研究課題/領域番号 |
19K06136
|
研究機関 | 国立研究開発法人森林研究・整備機構 |
研究代表者 |
木村 恵 国立研究開発法人森林研究・整備機構, 森林総合研究所 林木育種センター, 主任研究員 等 (20436520)
|
研究分担者 |
井上 みずき 日本大学, 文理学部, 准教授 (80432342)
|
研究期間 (年度) |
2019-04-01 – 2023-03-31
|
キーワード | 生息域外保存 / オーソドックス種子 / リカルシトラント種子 / 遺伝資源 / ジーンバンク |
研究実績の概要 |
外国産樹種で考えられた「種子形質から種子の乾燥耐性を推定するモデル」を国産樹木に適応できるよう改良するため、本課題では様々な分類群の樹種について種子の乾燥耐性と種子の形質を調べ、これらの情報を充実させる。熱帯、亜熱帯地域に生育する樹種では、種子の乾燥耐性を持たない種の割合が高いことから、本年度は東京都の協力を得ながら、小笠原に生育する固有種、希少種を含む樹種の種子を採取し、乾燥耐性実験により種子の乾燥耐性を明らかにした。
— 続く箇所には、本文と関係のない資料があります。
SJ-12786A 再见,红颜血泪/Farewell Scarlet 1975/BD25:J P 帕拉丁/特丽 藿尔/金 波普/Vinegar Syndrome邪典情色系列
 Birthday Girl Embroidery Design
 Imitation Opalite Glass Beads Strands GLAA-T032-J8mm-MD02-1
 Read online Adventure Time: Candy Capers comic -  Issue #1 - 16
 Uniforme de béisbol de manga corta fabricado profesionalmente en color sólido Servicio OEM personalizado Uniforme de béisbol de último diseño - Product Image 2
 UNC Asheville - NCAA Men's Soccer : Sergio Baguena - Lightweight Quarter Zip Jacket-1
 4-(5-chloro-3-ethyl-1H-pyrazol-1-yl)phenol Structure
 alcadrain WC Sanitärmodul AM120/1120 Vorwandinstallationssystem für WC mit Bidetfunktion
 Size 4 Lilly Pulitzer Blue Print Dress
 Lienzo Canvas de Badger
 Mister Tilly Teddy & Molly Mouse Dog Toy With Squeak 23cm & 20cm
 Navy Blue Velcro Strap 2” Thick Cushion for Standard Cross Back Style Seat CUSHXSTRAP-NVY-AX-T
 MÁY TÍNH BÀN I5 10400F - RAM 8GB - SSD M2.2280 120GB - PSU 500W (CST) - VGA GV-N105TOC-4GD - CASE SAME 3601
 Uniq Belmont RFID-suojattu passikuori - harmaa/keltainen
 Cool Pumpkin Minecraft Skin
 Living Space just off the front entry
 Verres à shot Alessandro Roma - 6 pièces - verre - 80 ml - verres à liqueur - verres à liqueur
また、これまでに調べた西表島に生育する樹種の乾燥耐性の結果と発芽特性を取りまとめ、国際学会で発表した。 種子の乾燥耐性の種内変異を調べるため、複数の樹種を対象に種子の形質として乾燥耐性の指標に使われる「種子重における種皮の割合(SCR)」を全国7~12集団で調べた。本年度は昨年度取りまとめた生育地情報を元に、地方の育種場や大学演習林などの協力によって全国10カ所からウワミズザクラを採取した。また林木ジーンバンクに保存されていた全国7カ所から採取されたキハダについて種子の形状を計測した。前年度までに計測を終えたアカマツ、ブナも含めたこれら4樹種についてSCRの種内変異と生育地の環境条件との関係を調べた。その結果、SCRはいずれの樹種でも生育地の気温が高くなるほどが高くなる傾向がみられ、生育地の気温上昇に伴って種子の乾燥耐性が高くなると推測された。これらの樹種については発芽実験も行っており、次年度は発芽速度などと環境条件、種子形質との関係を調べる予定である。
|
現在までの達成度 (区分) |
現在までの達成度 (区分)
3: やや遅れている
理由
昨年度、コロナ禍による移動制限と気象条件により断念した実験試料の採取は、前年にとりまとめた生育地の開花情報をもとに、本年度に採取を達成した。これにより、当初予定していた地点数で実験を行うことが出来た。次年度は、引き続き申請時の計画通りデータのとりまとめを進める。
|
今後の研究の推進方策 |
乾燥耐性の推定モデルについて精度向上を進め、結果を取りまとめて成果を公開する。 インキュベーターを用いた発芽実験も終盤を迎えており、得られたデータで、発芽特性および種子形質の種内変異と生育地の環境条件との関連について解析を進める。
|
次年度使用額が生じた理由 |
当該課題では研究機関の2年目である令和2年度に日本国内の広範囲からウワミズザクラ等の種子採取を行い、種子保存に関わる乾燥耐性の種内変異について解析する予定であった。しかしながら、新型コロナウイルス感染症の流行に伴う移動制限により、計画時に予定していた国内出張が出来ず、思うようにサンプルを収集することが出来なかった。最終年度である本年には、各育種場や大学演習林などの協力により目的の地点、数量のサンプルを収集できたことから、研究期間を1年延長し、現時点での残金を次年度に繰り越して当初予定していた解析を行い取りまとめる。